Every line of the data below should be repeated exactly, and no picture should be copied.

↓↓↓

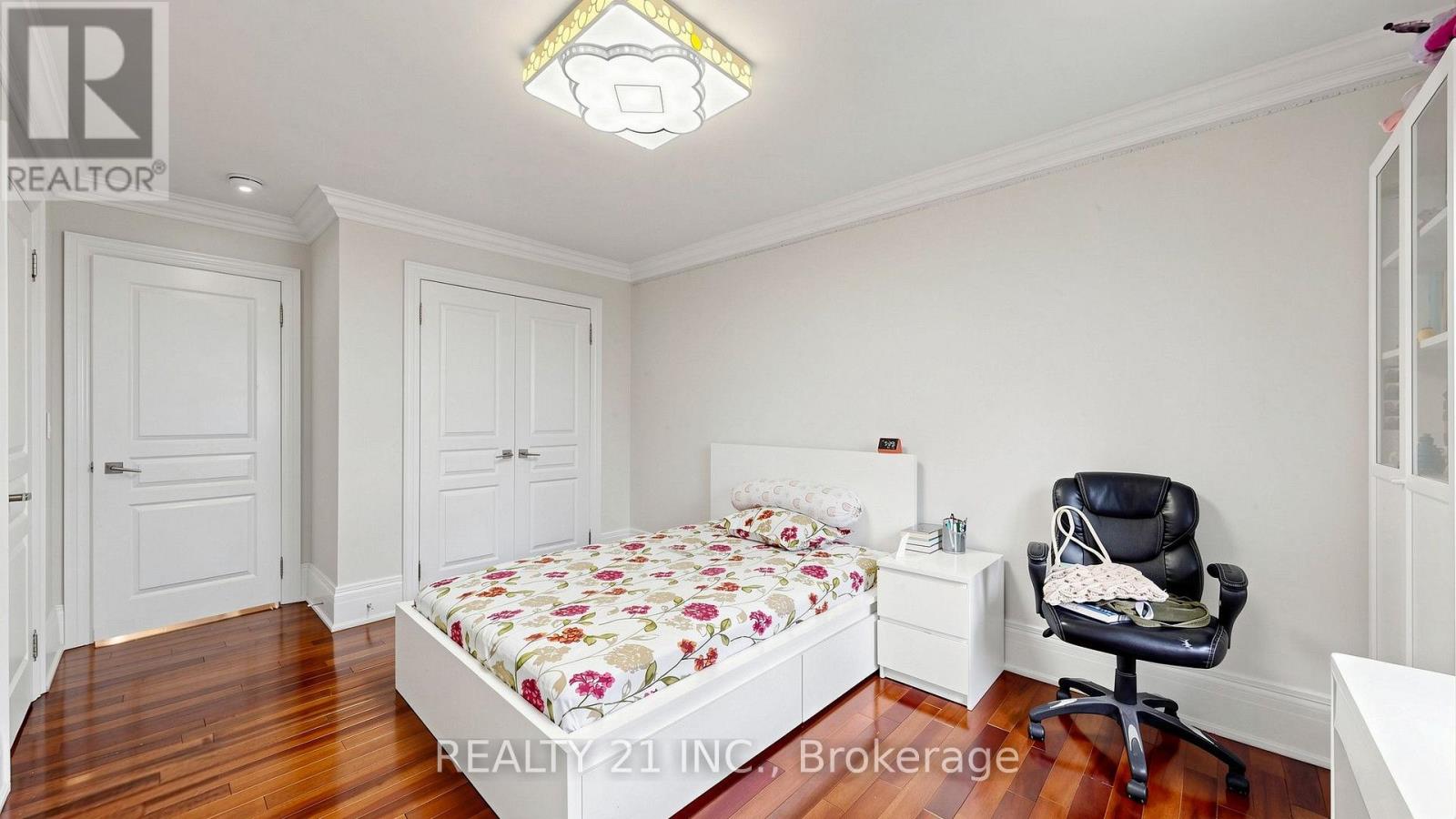 3 STINSON CIRCLE - 32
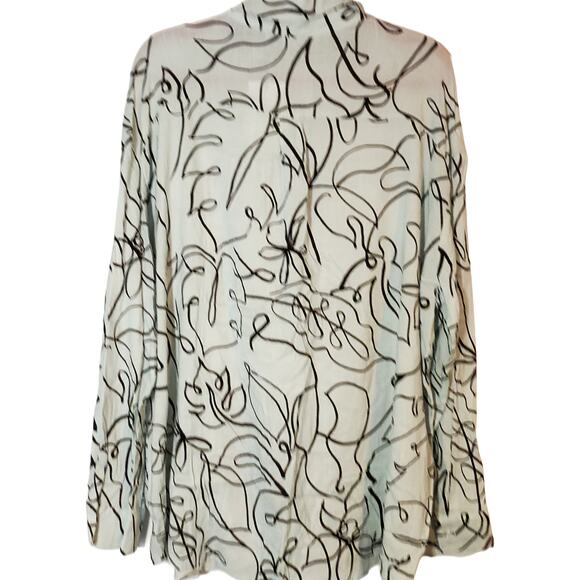 Sugarlips Dalton Boyfriend Button Down Shirt Pale Blue Women's Medium New NWT - Picture 2 of 8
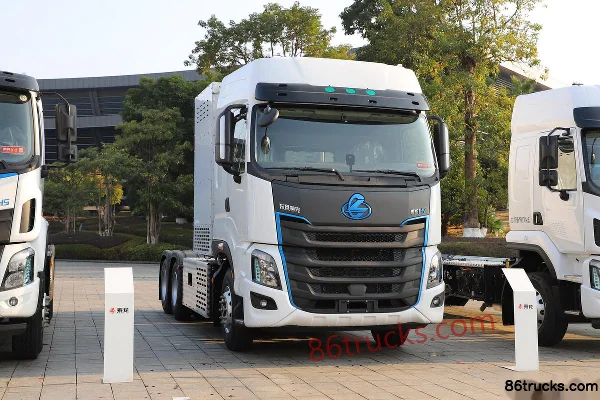 Dongfeng Liuqi Chenglong H7 6X4(10 wheels) Fuel Cell Tractor Truck 88.3kWh Exterior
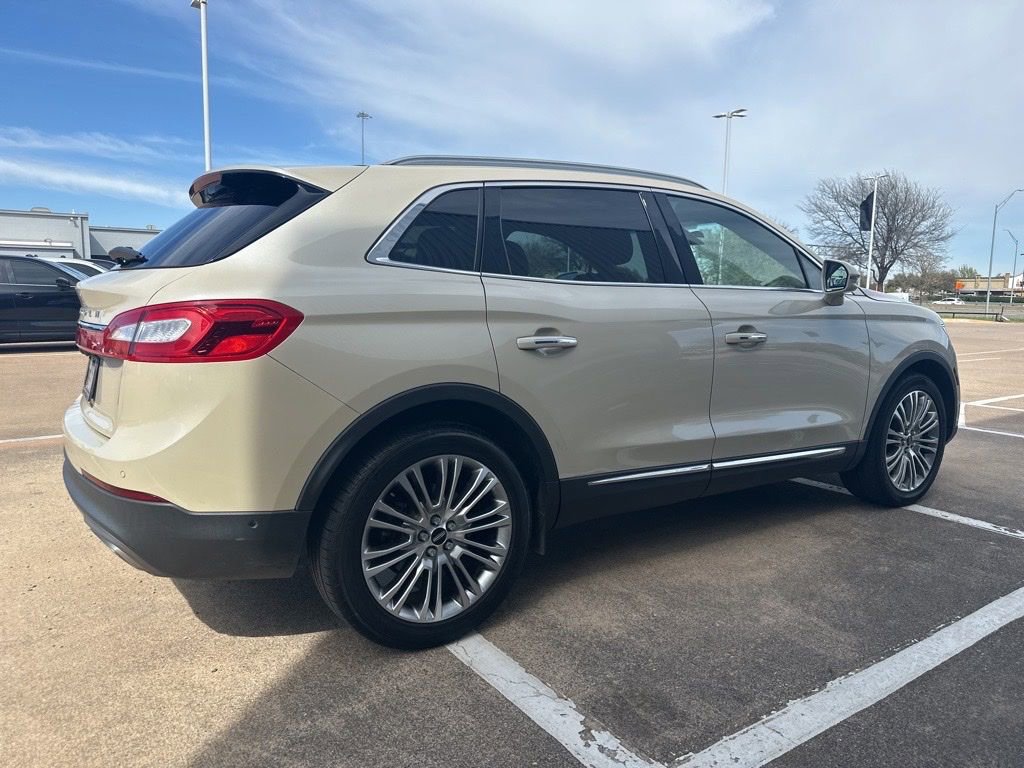 Used 2018 Lincoln MKX Reserve w/ Driver Assistance Package image 4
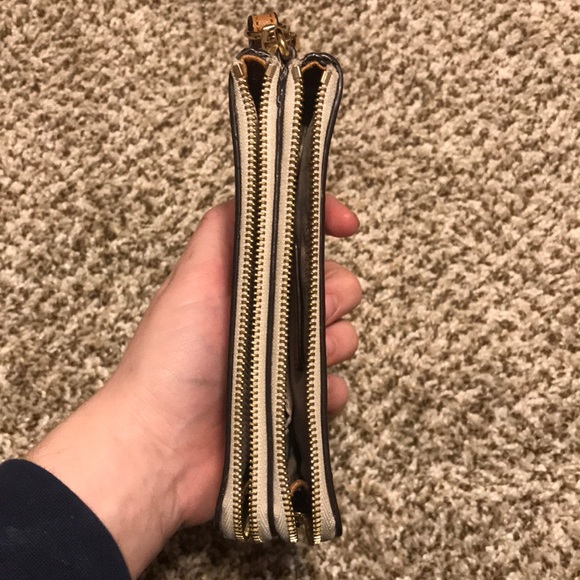 Micheal Kors Wristlet - Picture 7 of 8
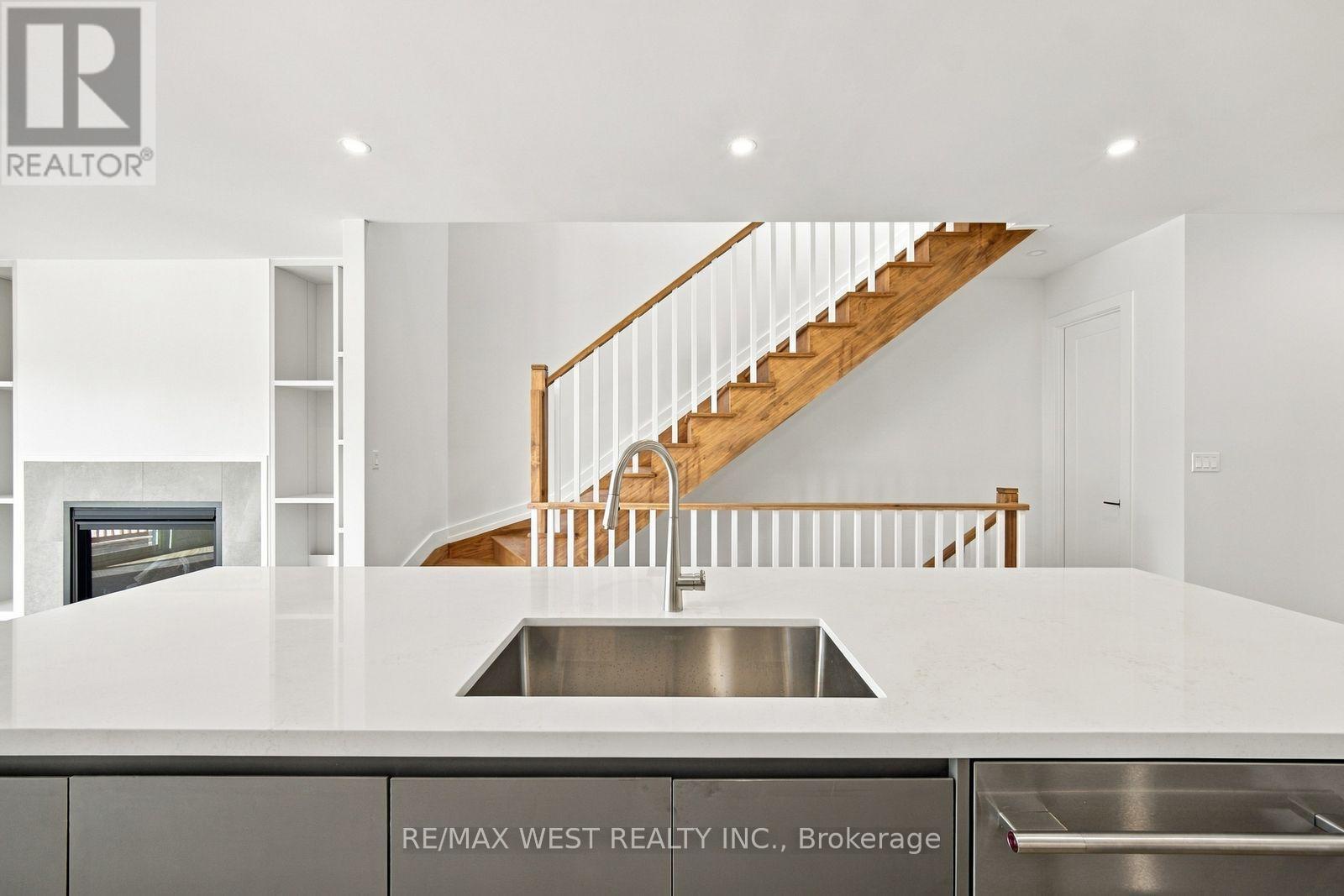 157 Aldercrest Avenue, Toronto (alderwood), Ontario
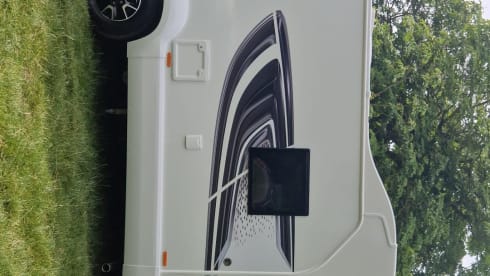 Thelma – Spacious and flexible 6 berth Swift Edge 476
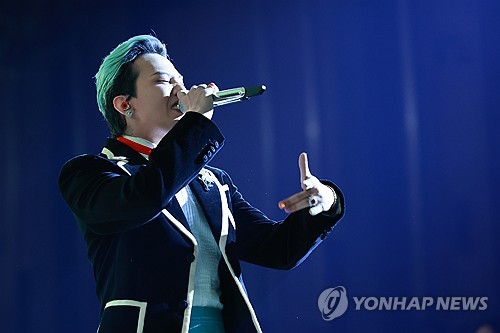 (LEAD) G-Dragon named Artist of the Year at 2025 MAMA Awards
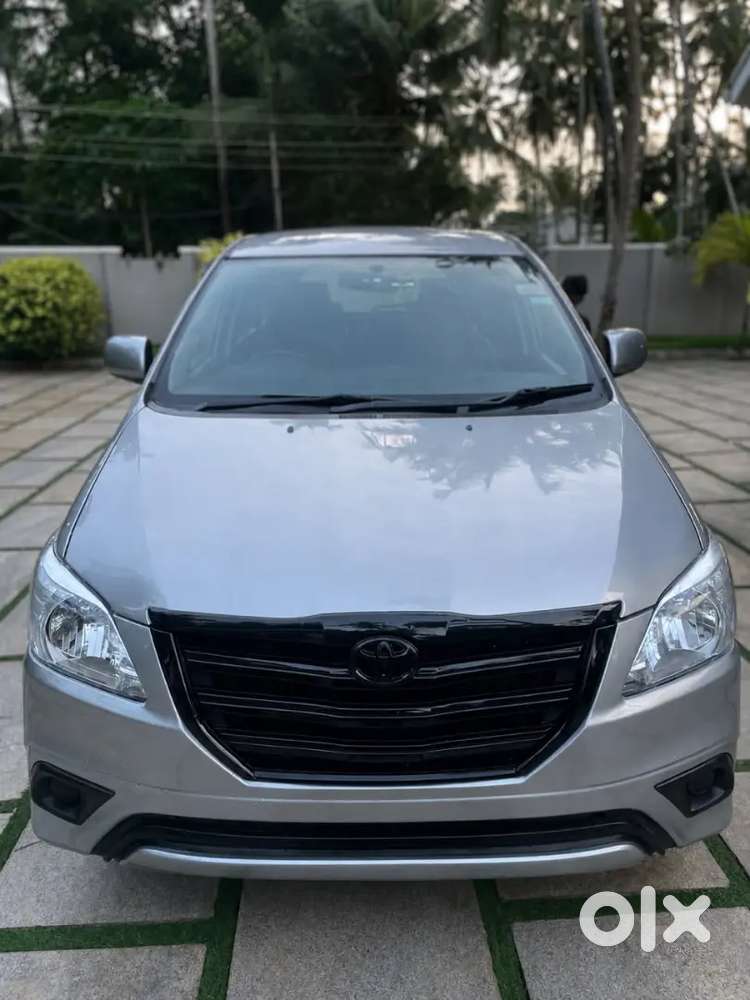 Toyota Innova 2.5 G 2015
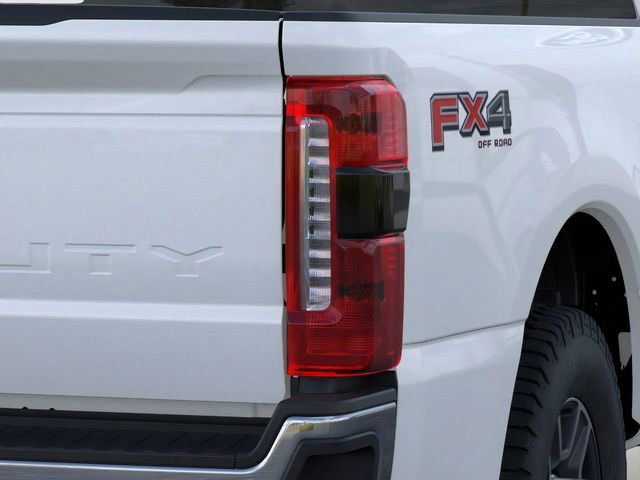 New 2026 Ford F250 Lariat w/ FX4 Off-Road Package image 21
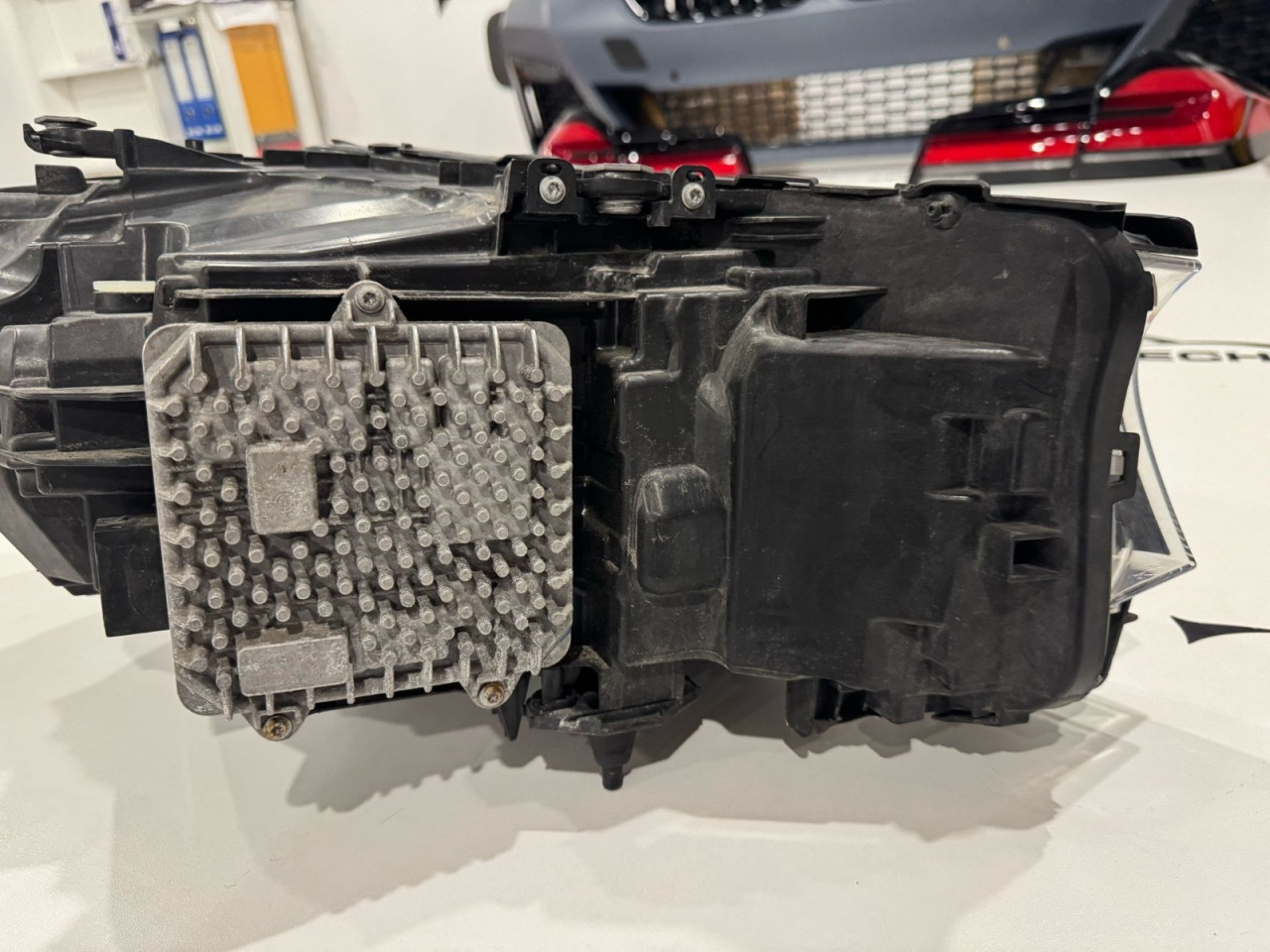 BMW 5 G30 far sa svim elektronikama LED koristeno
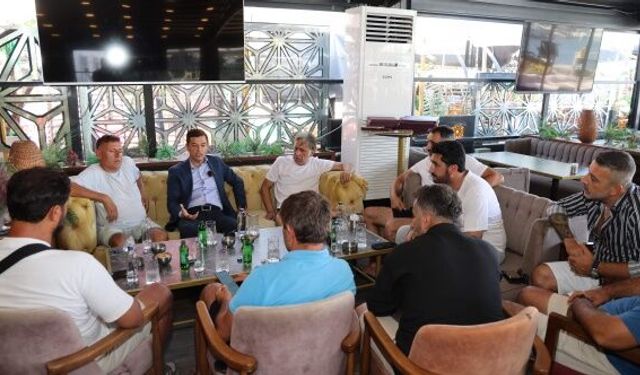 Marmaris Belediye Başkanı Ünlü, Barlar Sokağı esnafı ile görüştü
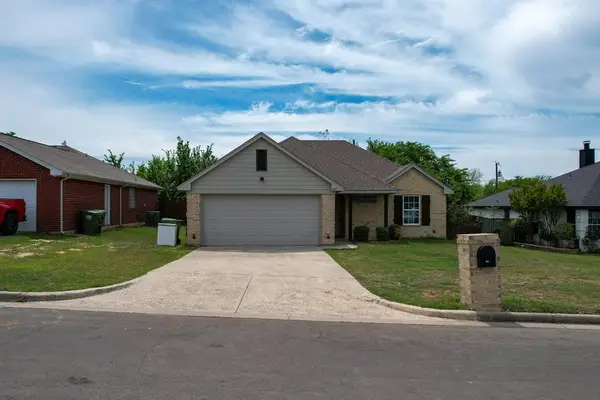 502 Railey Cove, Springtown, TX 76082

↑↑↑

# Answer to this exercise:
 3 STINSON CIRCLE - 32
 Sugarlips Dalton Boyfriend Button Down Shirt Pale Blue Women's Medium New NWT - Picture 2 of 8
 Dongfeng Liuqi Chenglong H7 6X4(10 wheels) Fuel Cell Tractor Truck 88.3kWh Exterior
 Used 2018 Lincoln MKX Reserve w/ Driver Assistance Package image 4
 Micheal Kors Wristlet - Picture 7 of 8
 157 Aldercrest Avenue, Toronto (alderwood), Ontario
 Thelma – Spacious and flexible 6 berth Swift Edge 476
 (LEAD) G-Dragon named Artist of the Year at 2025 MAMA Awards
 Toyota Innova 2.5 G 2015
 New 2026 Ford F250 Lariat w/ FX4 Off-Road Package image 21
 BMW 5 G30 far sa svim elektronikama LED koristeno
 Marmaris Belediye Başkanı Ünlü, Barlar Sokağı esnafı ile görüştü
 502 Railey Cove, Springtown, TX 76082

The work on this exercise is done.